Python in "math through programming" curriculum

[Alex Martelli]

"Clifford J. Nelson" <cnelson9 at gte.net> wrote in message
news:3A3EFF47.67DE69CF at gte.net...
    [snip]
> > Awhile back, Tim Peters recommended 'Concrete Mathematics'
> > (Knuth a co-author) as a good example of a "math through
> > programming" text book.  I subsequently bought it, and
> > had to agree.  So how do we "lower a ladder" to middle
> > and high schoolers starting from there?  I think Python
> > is part of the answer.
>
> I don't think Python should be a standard at all, because of
> my experience with it on the Mac. Keep the options open for
> computer programming languages.

I'm not sure what being 'on the Mac' has to do with it.
Either it's irrelevant, or you're letting platform issues
(e.g., integration with native GUI's) cloud judgment on
_language_ issues.

I'm a "multilanguage GUI" -- I strongly believe that most
software development projects (of any substantial richness
and complexity) are best served by a mixture of different
programming languages, interoperating smoothly in various
components and/or as 'glue' among those components.  Thus,
I'll hardly object to 'keeping the options open' -- indeed,
I believe smooth interoperation between different languages
is a key platform consideration (dunno what Mac has to offer
for it, and I _am_ worried that Linux is weakish in such
multilanguage-oriented infrastructure; MS is leading the
way with their '.NET' initiative, which at low levels is
ALL about multilanguage interop... let's hope it spreads!).

But you won't typically hear arguments against this from ANY
Pythonista -- Python is *ABOUT* "playing well with others"...
*designed* and *implemented* to interoperate, like only a few
other languages; most languages appear to be designed "as if"
they were to be the sole implementation language for a typical
project, with "foreign function interfaces" or the like that
sometimes look as if they were tacked on as an afterthought.
And that may be because many people disagree with my "many
languages are better than one" stance -- they'd much rather
stay monolingual, at least within a given project.

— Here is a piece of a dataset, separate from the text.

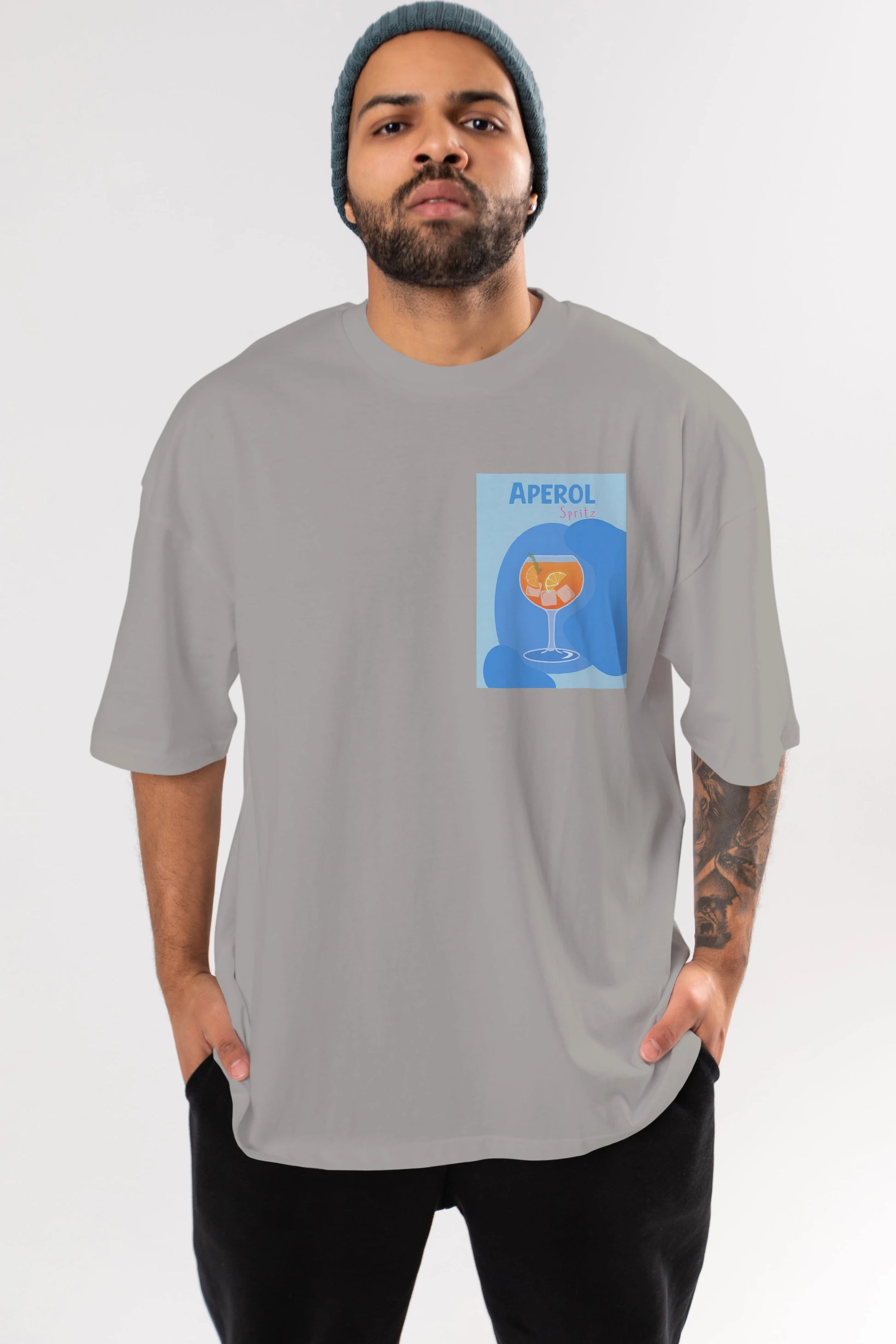 Aperol Spritz 10 Ön Sol Baskılı Oversize t-shirt Erkek Kadın Unisex %100 Pamuk Bisiklet Yaka tişort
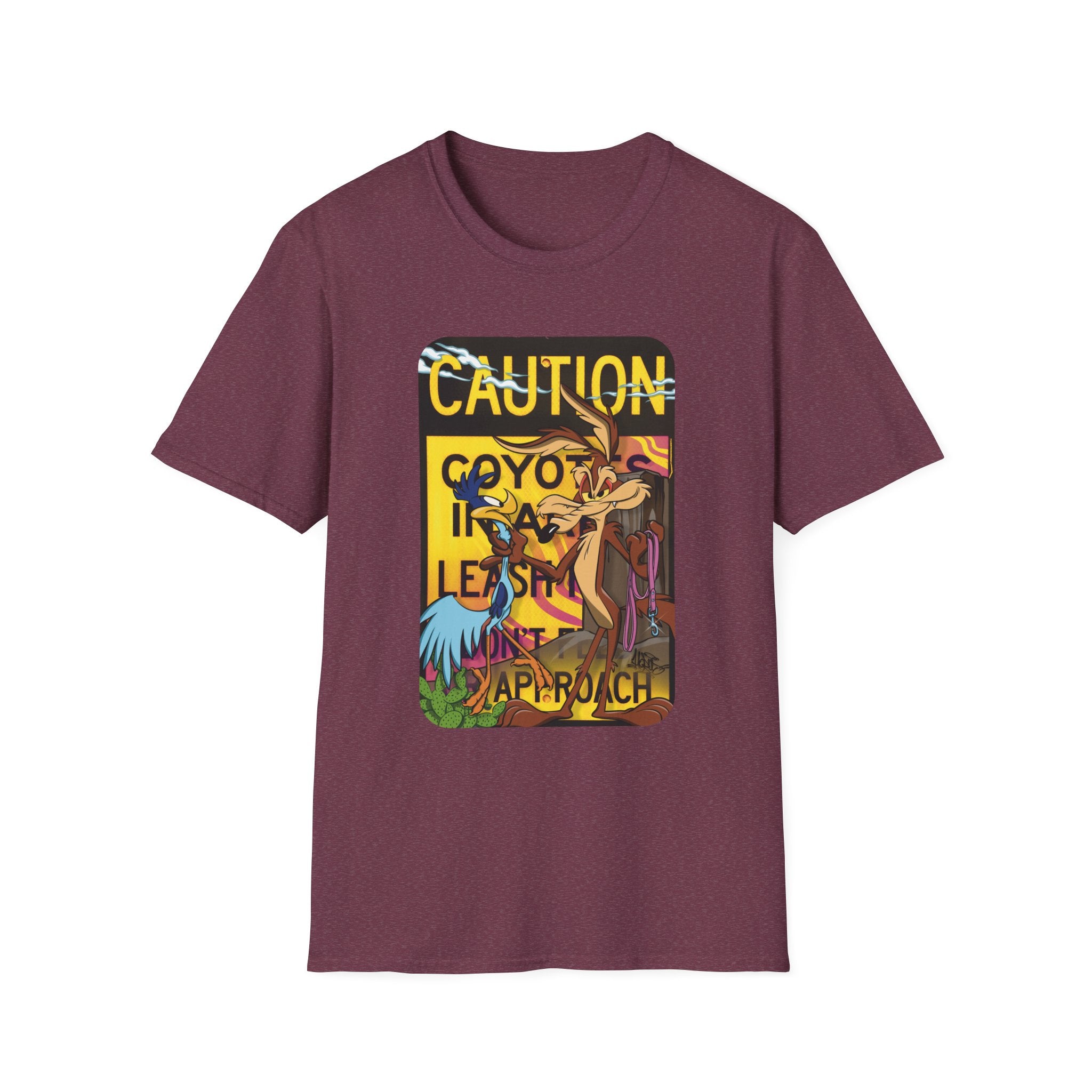 Caution Coyote Unisex Softstyle T-Shirt - Fun Graphic Tee for Animal Lovers S / Daisy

But anyway, it would not make sense to argue _against_
"making a language a standard" in one field, because other
languages may prove better at some different task, or
sub-task.  Standardization offers substantial advantages
('network externalities' in economists' parlance), and
the 'keeping open to other languages' part need not
interfere with such advantages at all.

For the specific task of "teaching some maths to middle
and high schoolers", for example, establishing some sort
of 'standard' language would have enormous benefits; and
the relevant issues are quite different from those that
would affect 'standardization upon one base language' in
other areas.  For example, issues of performance on large
real-world tasks, which are a weak point of Python (and
to a lesser extent, lazy-semantics functional languages
such as Clean and Haskell) in comparison to traditional
lower-lever languages such as C++ (and, to a lesser extent,
non-lazy functional languages, such as ML variants), and
thus provide a good part of the motivation for projects
to use multiple languages, are not all that relevant when
the task at hand is _teaching_.


On the other hand, I think an issue of crucial importance
is 'paradigm choice'.  Some languages espouse a specific
programming paradigm very strongly: it would make little
didactical sense to use C for functional or O-O programming,
for example -- or Haskell for anything BUT (lazy-centered)
functional programming, or Smalltalk (or Java) for anything
BUT O-O programming, &c.

Other languages are multi-paradigm: C++, O'Caml, Python,
just to name three, let you use several paradigms together,
in reasonably smooth ways.  The price of that is typically
_complexity_ -- but Python is an exception... it "reaches
out" to multiple paradigms *through simplicity*.  This,
IMHO, is part of what makes it such an outstanding language
for teaching: you can use it to help students learn to
wrap their minds around programming problems in different
ways, _without_ burdening them with complication, including
"strange" syntax.

People who "know" that the only one "right" way to program
is through a single given paradigm 'X', for any 'X', may
have little interest in Python (or C++ or O'Caml...).  If
X is 'lazy functional programming', then Haskell and Clean
have it covered; if it's 'statically typed object-oriented
programming', Eiffel or Sather; if it's 'dynamical object
oriented programming (single-inheritance)', Smalltalk; and
so on, and so forth (not to be confused with 'so Forth':-).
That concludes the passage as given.